La distinzione tra le due situazioni esistenziali è palese, non solo dal fatto letterario che si tratta di due frasi distinte, ma anche dalla chiamata in causa della “coralità umana” la cui “cura” (qui palesemente intesa in senso sociale) è “un inno alla dignità umana, un canto di speranza”. Quindi l’incontro tra la conquista dell’“autonomia personale” e “la coralità della società” è frutto dell’“attenzione inclusiva”, che è “un canto di speranza” per le persone con disabilità.
Avendo voluto papa Francesco inculcarci la speranza come stile di vita, mi permetto di sperare che la CEI (Conferenza Episcopale Italiana) modifichi la propria organizzazione, spostando le persone con disabilità dal settore della Pastorale dei Malati, dove ancora è inquadrata, inserendola in un altro settore che mostri, alla luce degli orientamenti pontifici, che le persone con disabilità hanno problemi esistenziali e sociali diversi dalla malattia.
Anzi oso sperare che la CEI voglia sottoporre al Santo Padre la pressante richiesta di noi persone con disabilità di voler sottoscrivere la Convenzione ONU sui Diritti delle Persone con Disabilità, avvalendosi della possibilità di esprimere delle riserve ad essa, diritto che consente appunto di escludere dalla sottoscrizione gli articoli e i commi di cui non si condivide il contenuto, tramite dichiarazioni motivate. Sino ad oggi, infatti, la Santa Sede ha rifiutato la sottoscrizione della Convenzione, a causa della presenza degli articoli concernenti il diritto all’aborto, ovviamente incompatibili con la convinzione cristiana.

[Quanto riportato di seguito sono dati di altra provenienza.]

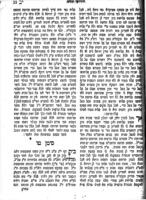 ספר בכורי אברהם : והוא חדושי תורה מיוסדים על חידושי הלכות ... הנובעים מגמרא רש"י תוספות ומספרי ראשונים ואחרונים / ... ממני אברהם בן ... מוה"ר משה ... מעיר אראן.
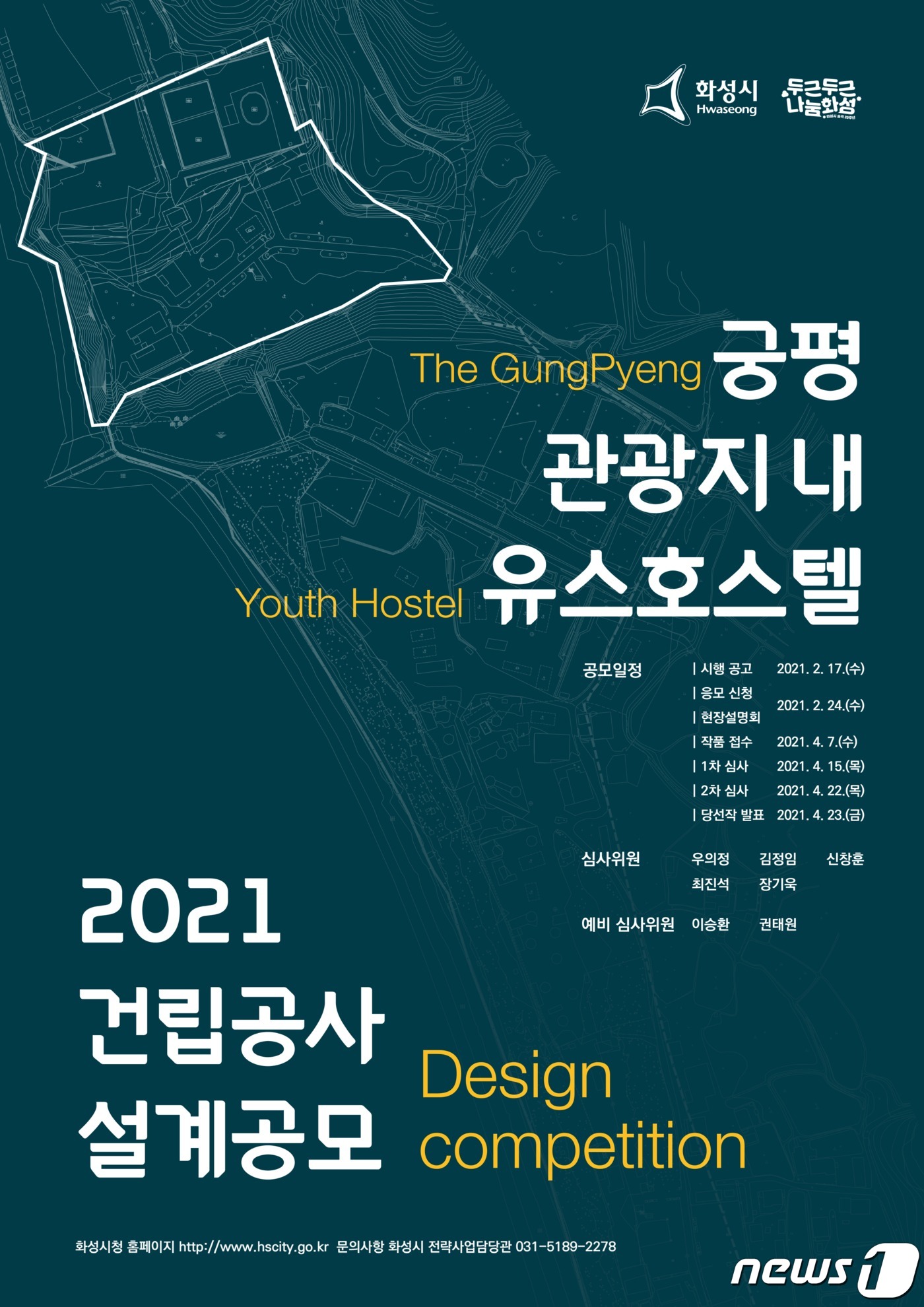 궁평산업 이미지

Alla luce dunque di questa bella lettera del Papa e dell’importante lavoro pastorale svolto da anni dall’Ufficio Catechistico Nazionale sulla Pastorale delle Persone con Disabilità, meravigliosamente svolto da suor Veronica Donatello, la CEI potrebbe chiedere al Santo Padre che, superando le eventuali resistenze burocratiche, voglia darci un senso di speranza e avvalendosi della citata opportunità. sottoscrivere la Convenzione ONU. Un’aspirazione, questa, che noi persone con disabilità italiane e di tutto il mondo e le loro famiglie, credenti e non credenti, sperano da sempre possa avvenire.

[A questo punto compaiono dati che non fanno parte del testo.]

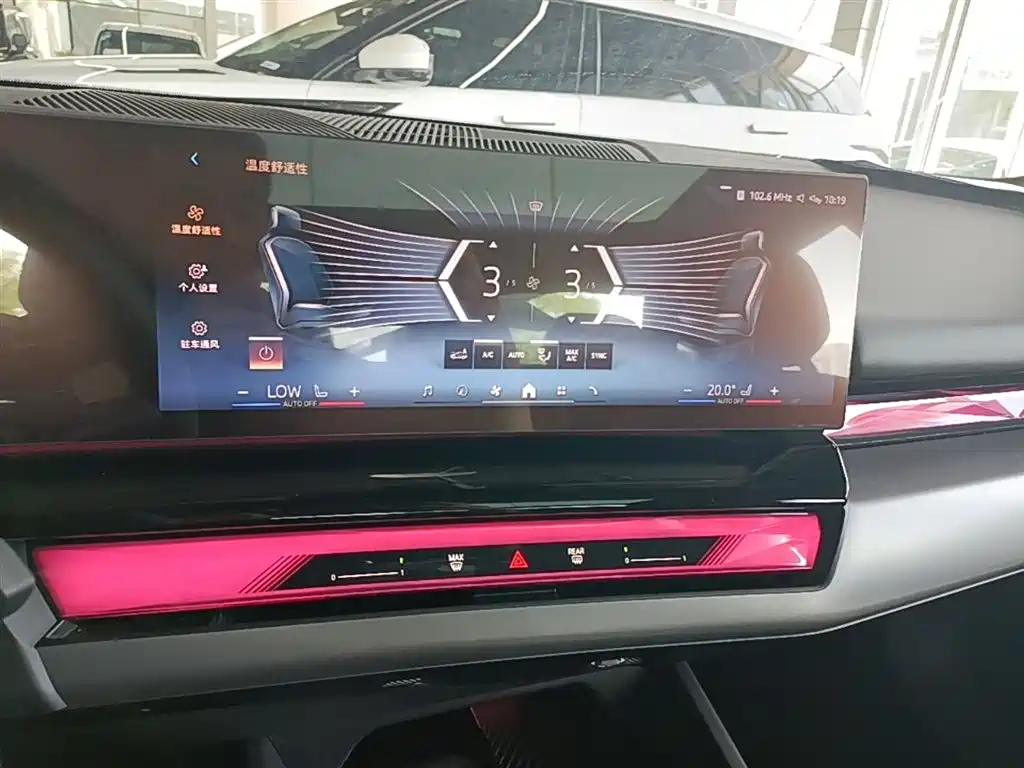 BMW 5 Series 2024 530Li xDrive M Sport Package фото 13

Siamo certi che l’esclusione espressa e comunicata al mondo delle clausole non gradite alla Santa Sede dia maggiore rilevanza ad esse, in occasione della sottoscrizione del resto della Convenzione. Vogliamo sperarlo perché questo, alla luce dell’autorevolezza del Santo Padre nel mondo, possa aiutarci a vedere migliorata la condizione dei diritti delle persone con disabilità, che in molte parti del mondo subiscono limitazioni e violazioni, a causa di una visione distorta ed errata della nostra condizione.